Just like with this team. Fulcher says his defensive MVP is the 5-9 Hilton.

"That little guy plays big," Fulcher says. "Look at some of the running backs he's took down. Derrick Henry in Tennessee. Slowing up quarterbacks coming off the corner blitzing. He's played a big role.

"I like those safeties and I'm sure the guys on defense would say the whole defense is the MVP. But I like that little guy. He's made a lot of plays."

They don't admire just Bell, Bates and Hilton. Rookie cornerback Cam Taylor-Britt has caught their eye since he chased down Titans 250-pound running back Derrick Henry and stripped him at the two-yard line.

"We're big fans," Wilcots says. "He wanted that ball. He's tough, he's physical. It's not very often you see a guy take on Derrick Henry and say, 'Give me the ball.'"

Thomas, a second-round pick himself, calls CTB "feisty." He also likes how the other starting cornerback, Eli Apple, has responded after some mid-season struggles pointed to a possible benching until Chidobe Awuzie tore his ACL in the eighth game of the season. The Bengals haven't lost since.

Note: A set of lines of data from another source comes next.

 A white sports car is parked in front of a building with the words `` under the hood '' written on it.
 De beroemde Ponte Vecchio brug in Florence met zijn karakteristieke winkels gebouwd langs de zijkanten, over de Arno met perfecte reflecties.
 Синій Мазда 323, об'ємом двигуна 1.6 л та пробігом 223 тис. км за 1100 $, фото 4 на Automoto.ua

"I give him credit. (Apple) did what an NFL corner is supposed to do. He went back to work," Thomas says. "The rookie missed a lot of training camp. He's learning on the job and doing quite well, by the way. The more things he sees, the more things he'll learn. Stay with the technique. They're playing solid.

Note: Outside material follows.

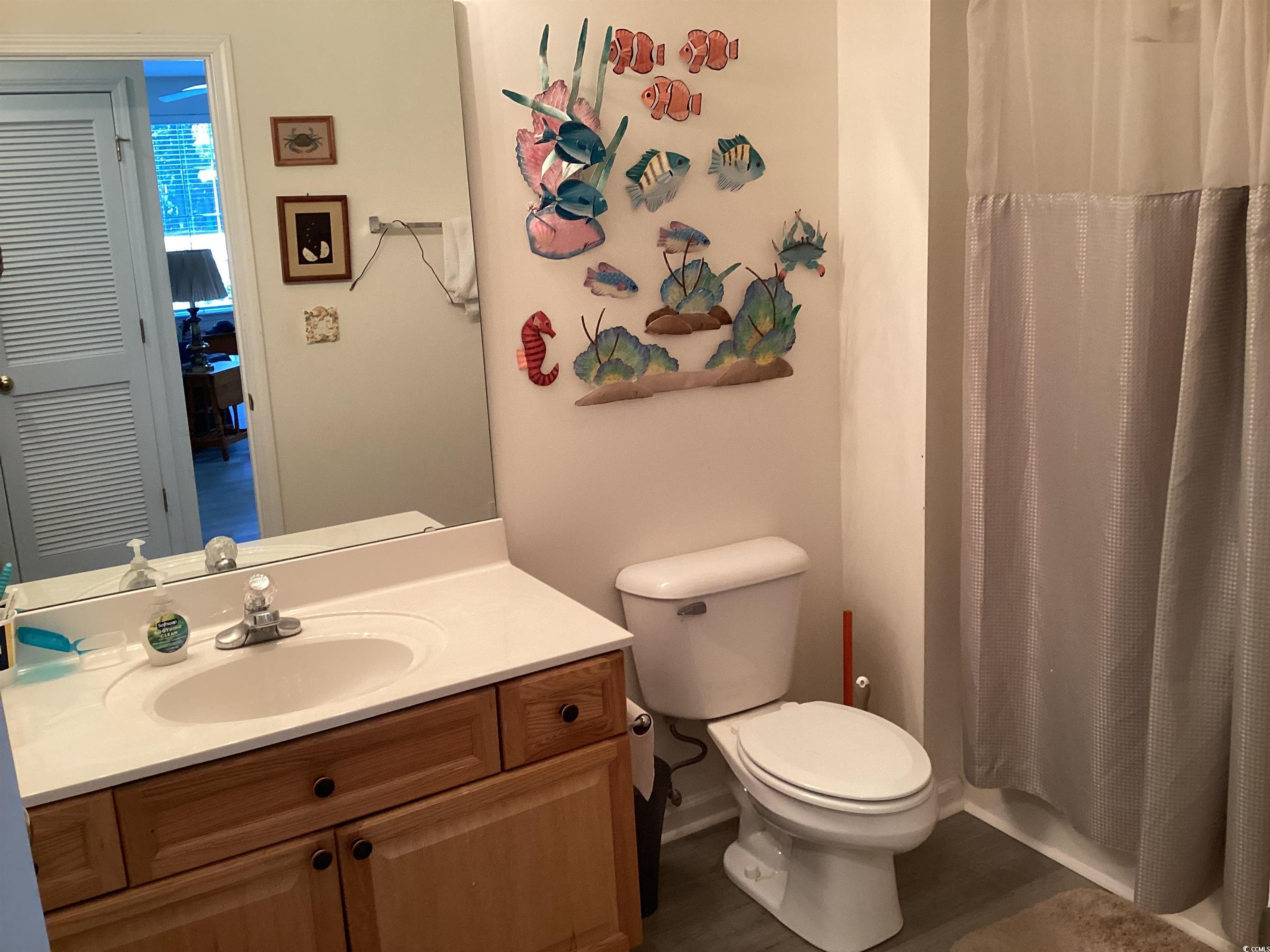 4430 Lady Banks Lane, Unit C1 Murrells Inlet, SC 29576 - Photo 22 of 34 Full bathroom with a shower with shower curtain, vanity, and dark wood finished floors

"Those guys at safety have played a lot of games. They understand they have to protect the rookie a little bit. Eli has to hold it down. They can't worry about two corners. The defense is playing so well. They play within the scheme. They play hard. They really, really rally to the ball. That's defensive football."

The S.W.A.T Team is all in on these guys. When Thomas went out to the Super Bowl last year to watch them, he ran into Bills Hall-of-Fame wide receiver Andre Reed in a parking lot. "Eeeeee-Teeee," Reed said when he finally recognized him. Because Thomas could slide in and out of the slot, he was assigned Reed man-to-man in the championship game. He got him for an interception when Reed ran an out and Thomas under cut it, something that Anarumo doesn't want Taylor-Britt to do quite yet.

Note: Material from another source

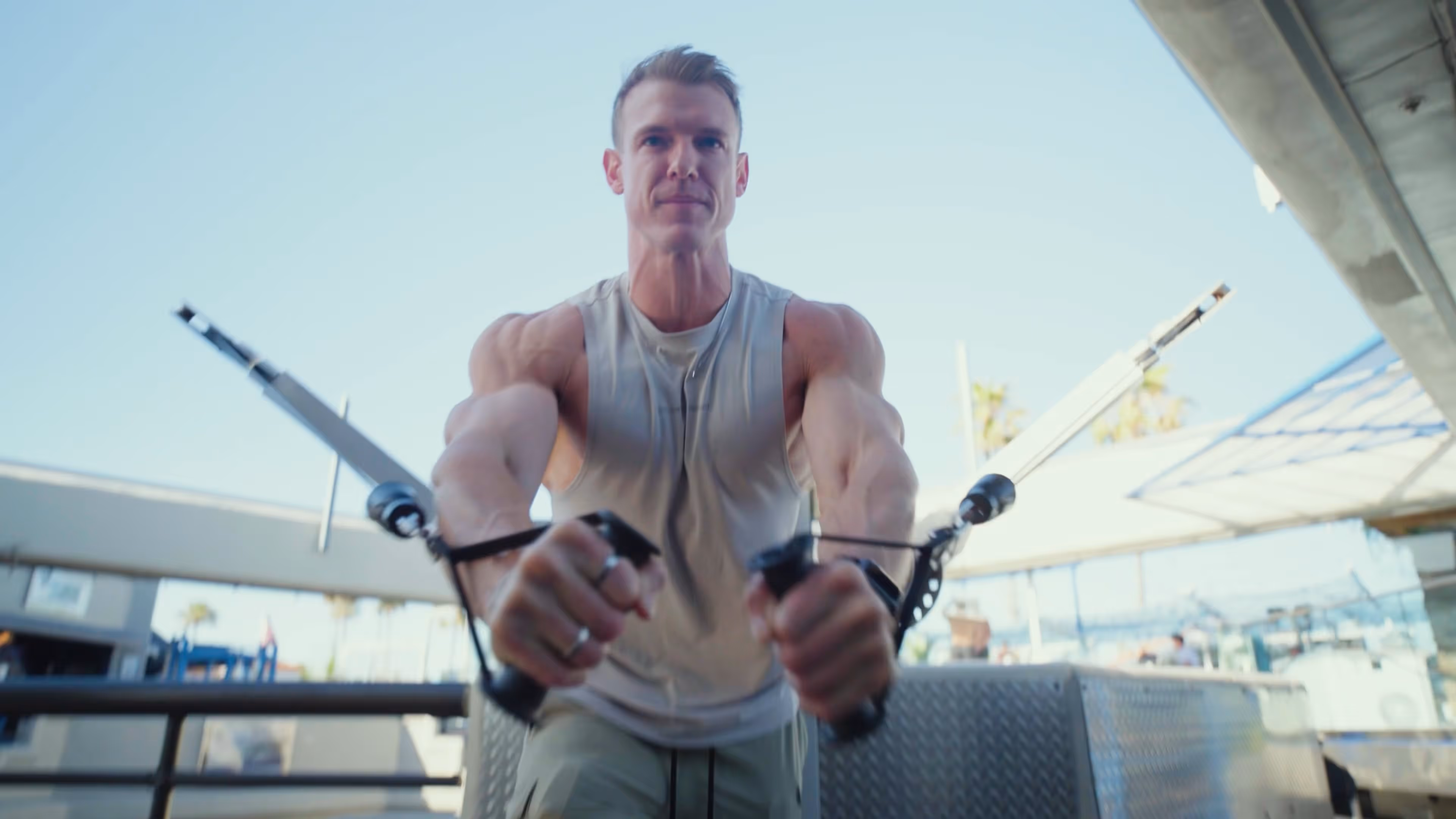 Muscular man in sleeveless shirt using cable machine for workout at outdoor gym.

"They did a lot a of things with Andre He got me a few times," said Thomas of Reed's 55-yard day. "But he didn't get away."

That's their mantra for Monday night.

"Don't give up the big one," Thomas says.

"Tackle Josh Allen like he's a running back," Wilcots says. "Tackle him so he regrets the decision to run."

Fulcher is keeping an eye on his guy Hilton. Hilton may be 60 pounds lighter than Fulcher, but like LeBeau lined him up everywhere, Fulcher knows Anarumo can put Hilton anywhere.

"It's kind of cool it's Buffalo, too," says Fulcher of a night they hope two Bengals secondaries Rule The Jungle.